Measles, Rubeola or Morbilli is one of the most highly contagious airborne viruses, the paramyxovirus of the genus Morbillivirus, and is a contagious infectious disease. It is also known as “red measles," or "hard measles". It is so contagious that 90% of all unvaccinated people in a room with an infected person will contract it. Measles is primarily a respiratory system infection.
Rubeola should not be confused with Rubella, which is the scientific name for German measles, of the genus of Rubivirus, and a different illness from a different virus. German measles is not as fatal, but still very dangerous as it can cause birth defects, miscarriage, and fetal death.
The most common way Measles, Rubeola, or Morbilli is spread is by those with the disease coughing or sneezing infected droplets into the air. The disease goes into an unsuspecting victim through their respiratory airway. The virus replicates itself in the tracheal and bronchial epithelial cells. The next stage (within approximately 2 to 4 days) is infection of the lymphatic tissues then to various organs. Other symptoms may include a low grade fever, appearance of a head cold, cough, and conjunctivitis and then a skin rash. From the onset of Measles, Rubeola, or Morbilli the body’s immune system is greatly compromised and for several weeks or even months after the virus appears to be gone it leaves the body vulnerable to secondary infection or disease. Bronchopneumonia is one of the more common opportunistic infections that increase the chance of mortality in individuals infected with the Measles virus.
Measles, Rubeola, or Morbilli can also cause other illnesses such as acute encephalitis and a rare but very serious degenerative disease called Subacute sclerosing panencephalitis (SSPE). This disease (SSPE) can occur several years after the onset of measles.
In 1963 the first inactive measles vaccine was licensed in the United States, but by 1967 it was withdrawn from the market. On March 21, 1963 a live measles vaccine was licensed in the U.S. Three years later in 1966 the CDC (Center for Disease Control) announced their first measles national eradication campaign. Within 2 years there was a 90% decrease in the occurrence of the measles virus.
1985 to 1988 brought newly discovered cases of measles from children that had previously been vaccinated. Therefore it was recommended that children between the ages of 5 and 19 receive a second measles vaccination. This would help those that had not built up immunity to measles with the first dose alone. Despite their efforts an epidemic broke out in the U.S during 1989 to 1990 with over 55,000 cases reported (most less than 5 years of age) resulting in 123 deaths associated with the disease. Of those who had lost their life from complications of measles 90% of them had not been vaccinated.

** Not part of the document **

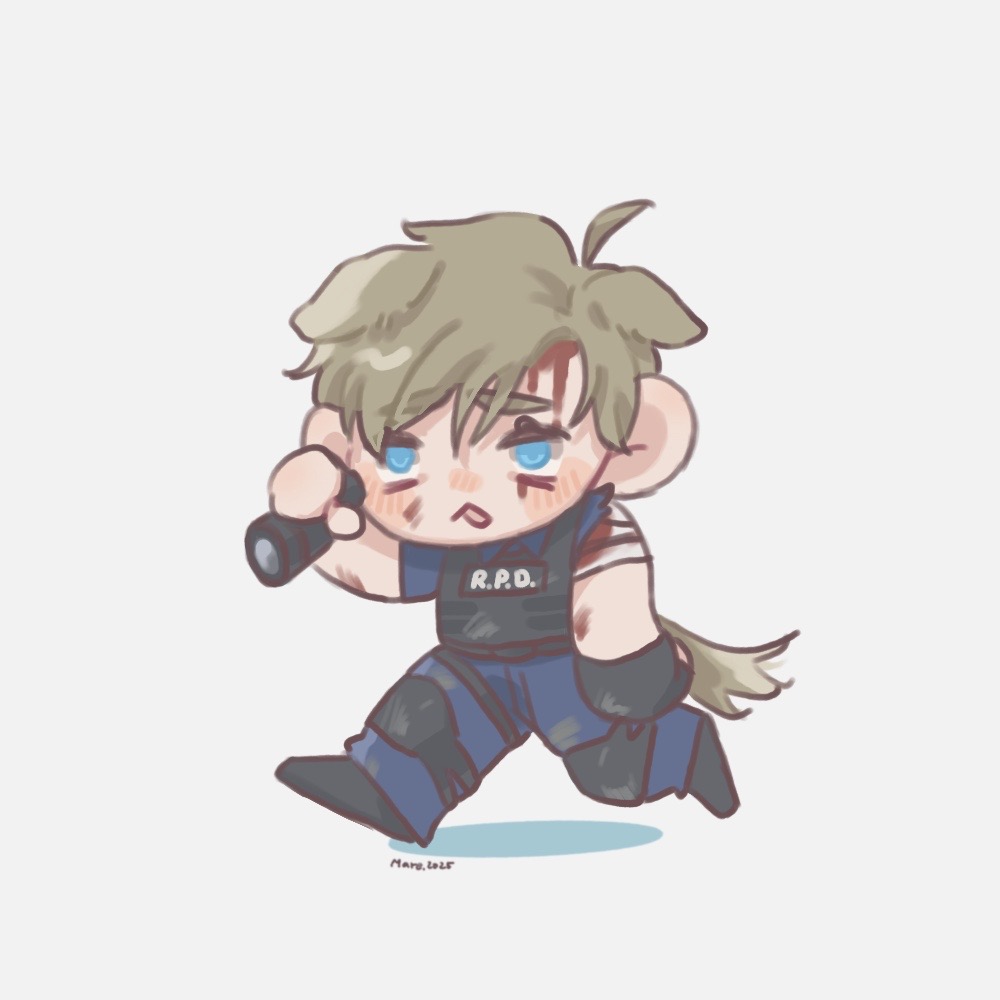 Just one night. 😃→🫠

#LeonKennedy 
#ResidentEvil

In 1998 a very controversial research paper linking the MMR (Measles, Mumps and Rubella) vaccine to Autism was published by the Lancet, one of the main authors being Dr. Andrew Wakefield. In February 2010 CNN Health reported the Lancet had retracted the paper saying “The study subsequently had been discredited, and last week, the lead author, Dr. Andrew Wakefield, was found to have acted unethically in conducting the research.” This report by Dr. Andrew Wakefield could have been beginning of the cause of parents opting out of having their children get the MMR vaccine. There are still many controversial reports currently available that discredit or support this claim.
Research has shown in developing countries the mortality rate is 1 in 4. No measles vaccines, malnutrition, and lack of vitamin A were found to be contributing factors in the disease stricken population susceptibility to acquiring the measles. Fortunately there are several organizations helping developing countries to do mass vaccinations for their people. One in particular is The Global Alliance for Vaccines and Immunizations.
Measles, Rubeola, or Morbilli, an airborne pathogen, still remains a serious problem worldwide but much could be done to eliminate this deadly disease. The first would be to get vaccinated, then keep hands clean by washing with soap and water, and sanitize surfaces especially in areas where people are being cared for due to accident of illness. And last but certainly not least promote cleaner indoor air by using photocatalytic oxidation to destroy airborne pathogens.